The dramatist felt also the great charm of the Crown Prince’s personality. He says that the two natures of husband and wife are each a perfect complement of the other, and each exercises on the other an unmistakably happy influence. It is at the same time significant that, while emphasizing the perfect harmony of the marriage, he does not hesitate to say that the Crown Prince, notwithstanding the more brilliant qualities of the Princess, still preserves his simple and natural attitude and his undeniable influence.

And when the time comes to say good-bye, Putlitz sums up his experiences to his wife: “I have been entertained by a most highly dowered Princess and a most marvellous woman, full of intellect, energy, culture, kindness, and benevolence.”

On September 11, 1864, a third son was born, Prince Sigismund. This little Prince was destined to have but a brief life. He was born the child of peace, the Emperor Francis Joseph becoming his godfather, but he died almost on the very day that Prussia drew the sword against Austria in the war of 1866.

That same autumn the Crown Princess paid her first visit to Darmstadt, to stay with her best loved sister, Princess Alice. The latter wrote to Queen Victoria a charming account of the visit, in which she said: “I always admire Vicky’s understanding and brightness each time I see her again. She is so well, and in such good looks as I have not seen her for long. The baby is a love and is very pretty.”

In October the Crown Prince and Princess, with their four children, started for La Farraz, in Switzerland. They left immediately after the birthday of the Crown Prince, which day was also that of the baptism of Prince Sigismund. The Prince wrote just before leaving Potsdam to an intimate friend:

“The older I grow, the more I come to know of human beings, the more I thank God for having given me a wife like mine. What happiness it is to leave behind one all one’s anxieties and all the troubles of this life, to be alone with those we love! I trust that God will preserve our peace and domestic happiness. I ask for nothing else.

CHAPTER XI
HOME LIFE AND RELIGION

THE successful campaign against Denmark had drawn all German hearts together. Neither the Crown Prince nor the Crown Princess had ever been unpopular with the army, who felt really honoured by that honorary colonelcy which had so much amused the Princess. The Danish War greatly increased their popularity, and the year that followed was probably one of the happiest of their lives. They adored their children, who were being thoroughly well brought up, and, with the one paramount exception of the Prince Consort’s death, no great bereavement had cast its shadow over their family circle.

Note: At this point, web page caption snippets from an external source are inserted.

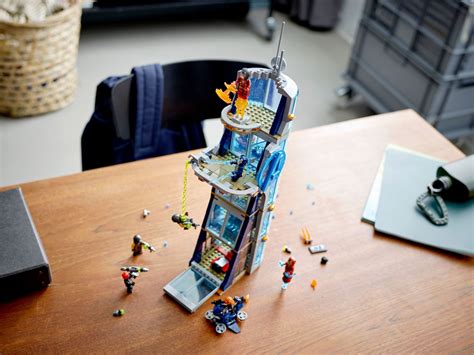 Brick Built Blogs: Lego Marvel 76166 Avengers Tower Official Images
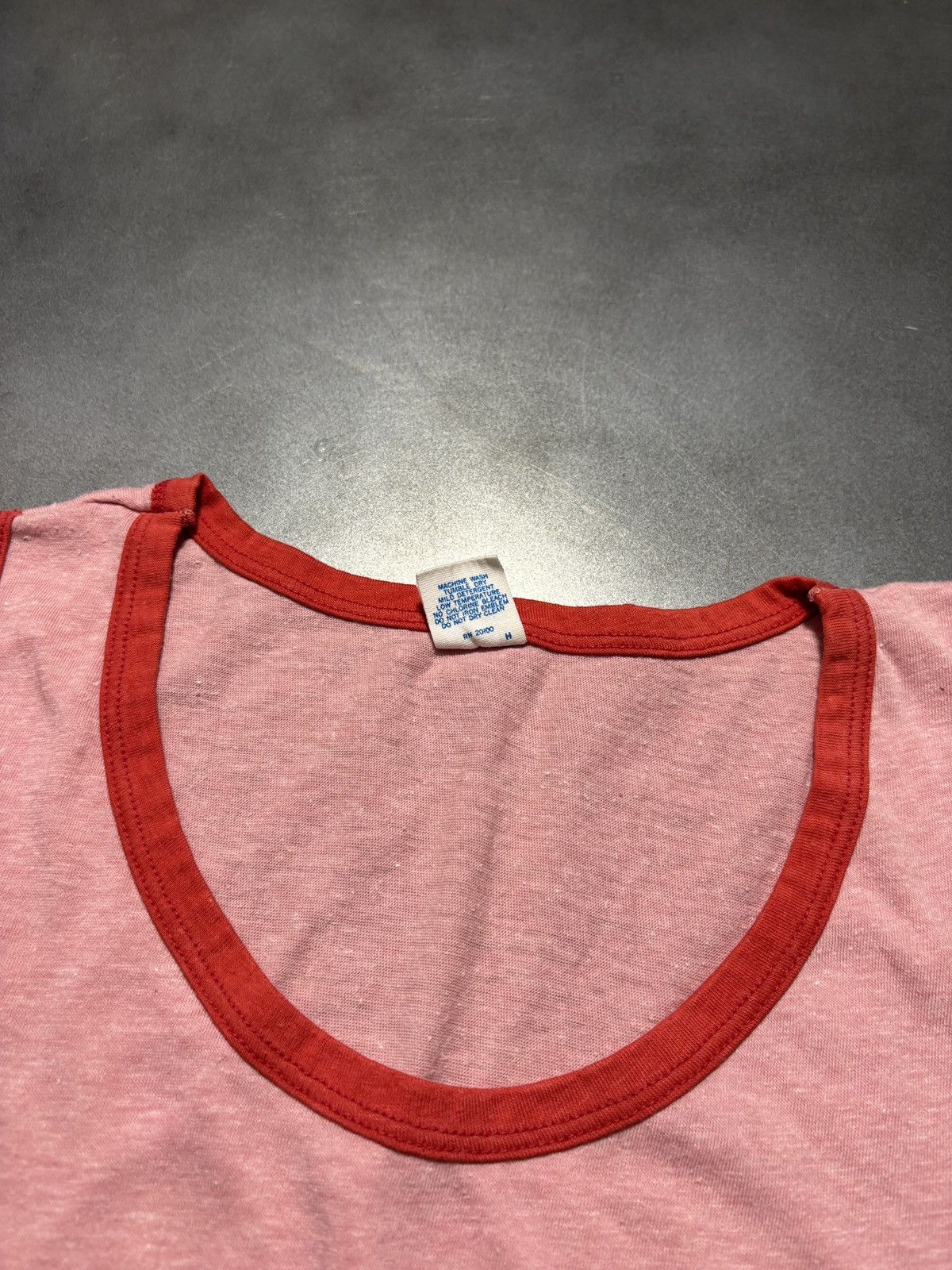 Vintage 1970s Tank Top Vintage Blank Tee Two Tone 70s Sportswear 80s Size US M / EU 48-50 / 2 - 8 Thumbnail
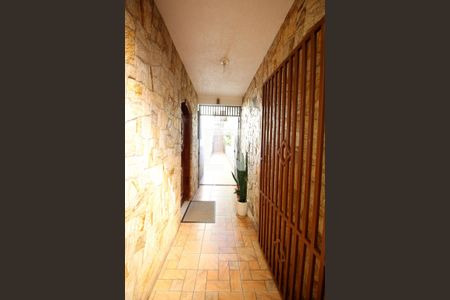 Casa à venda com 266m², 4 quartos e 3 vagas Casa à venda com 266m², 4 quartos e 3 vagasCorredor externo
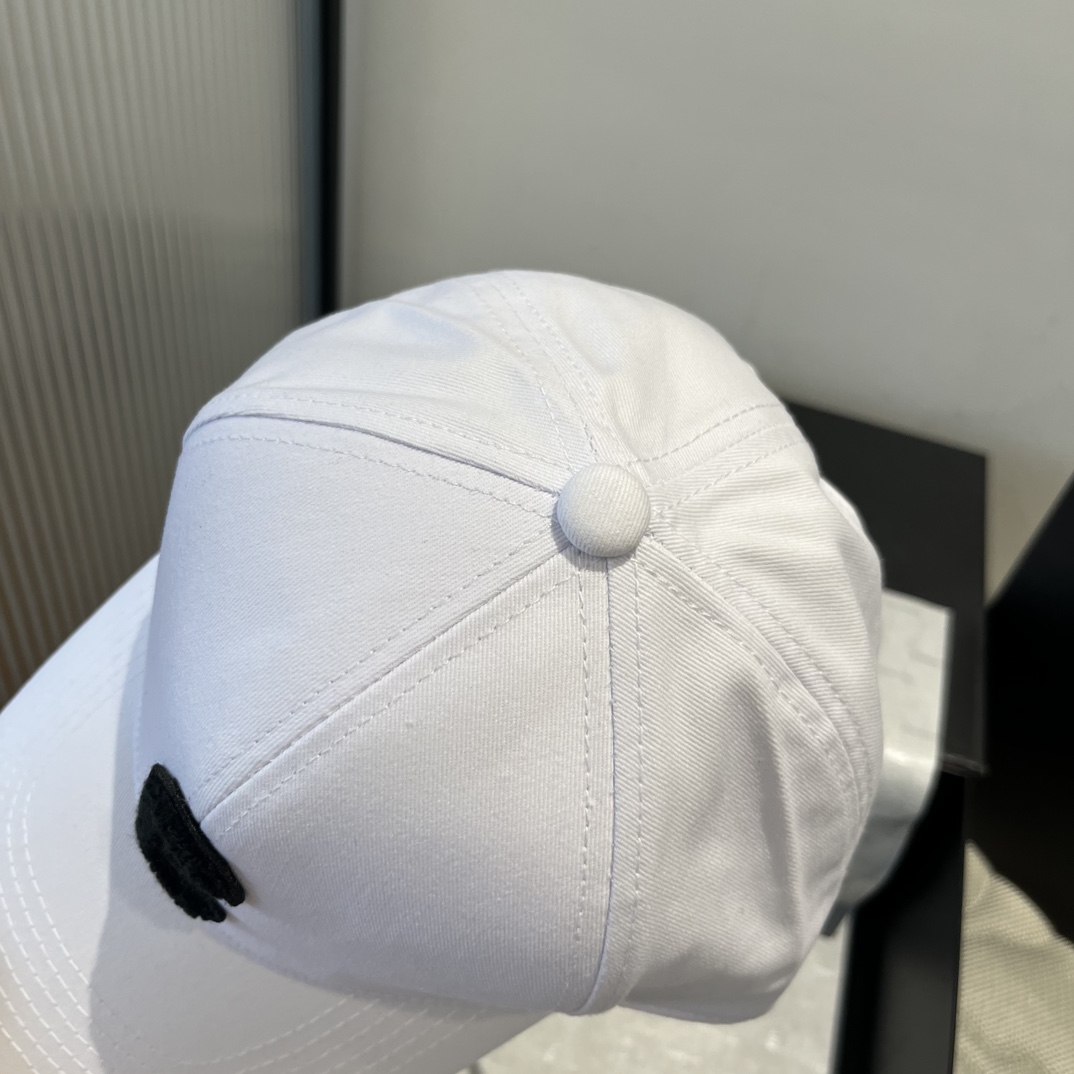 P

celine赛琳鸭舌帽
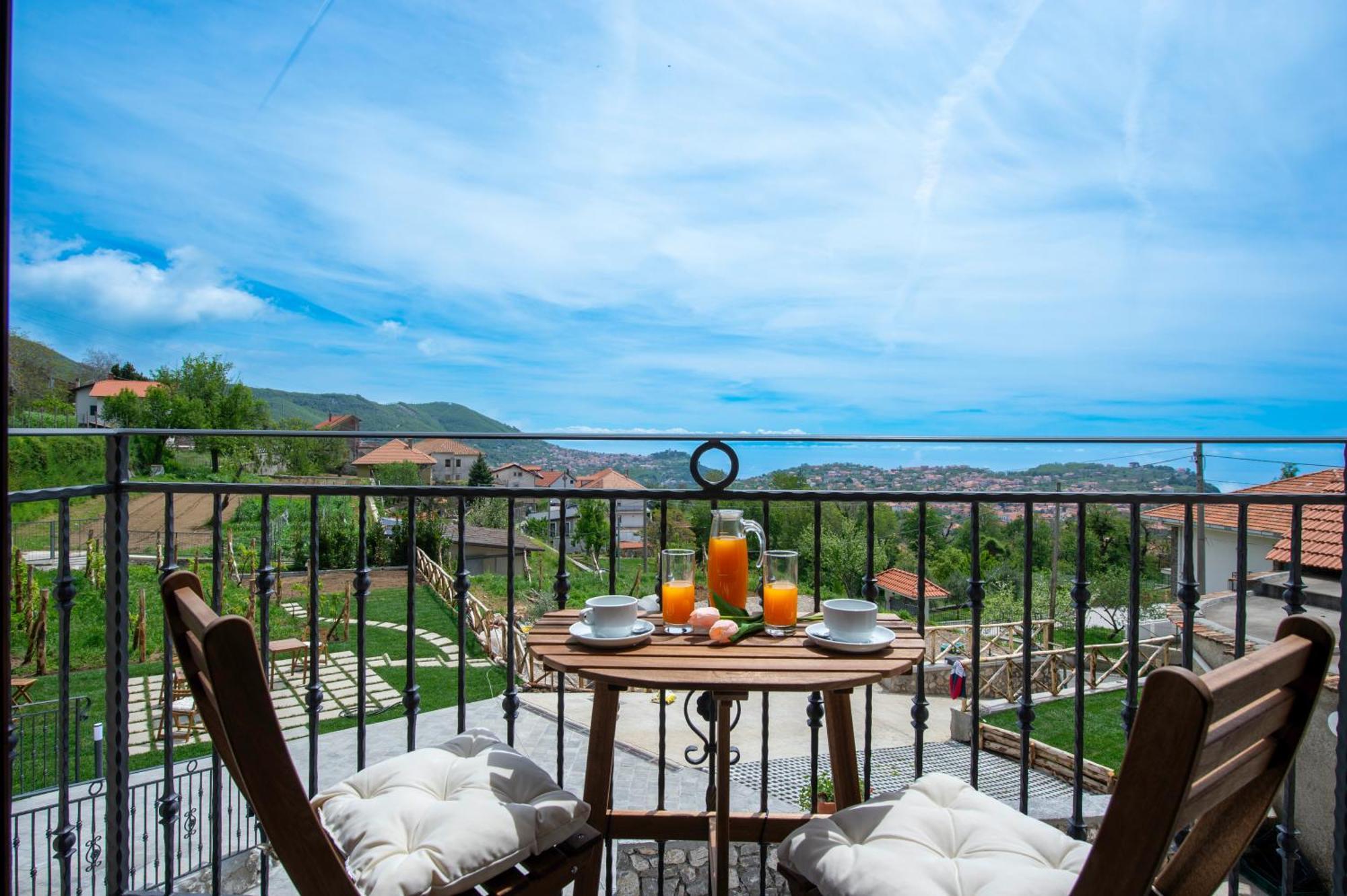 Il Vigneto Di Nonno Pietro Bed and Breakfast Agerola Exteriör bild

The Crown Princess had early determined in her social life to consider neither party spirit nor high official position; she preferred to gather round her a remarkable society of interesting and distinguished people,—scholars, theologians, archæologists and explorers, artists, and men of letters. She was always passionately fond of music, and many a young performer owed his or her first introduction to the public at the winter concerts which she organised, while no British painter or writer of eminence ever came to Berlin without receiving an invitation to the New Palace.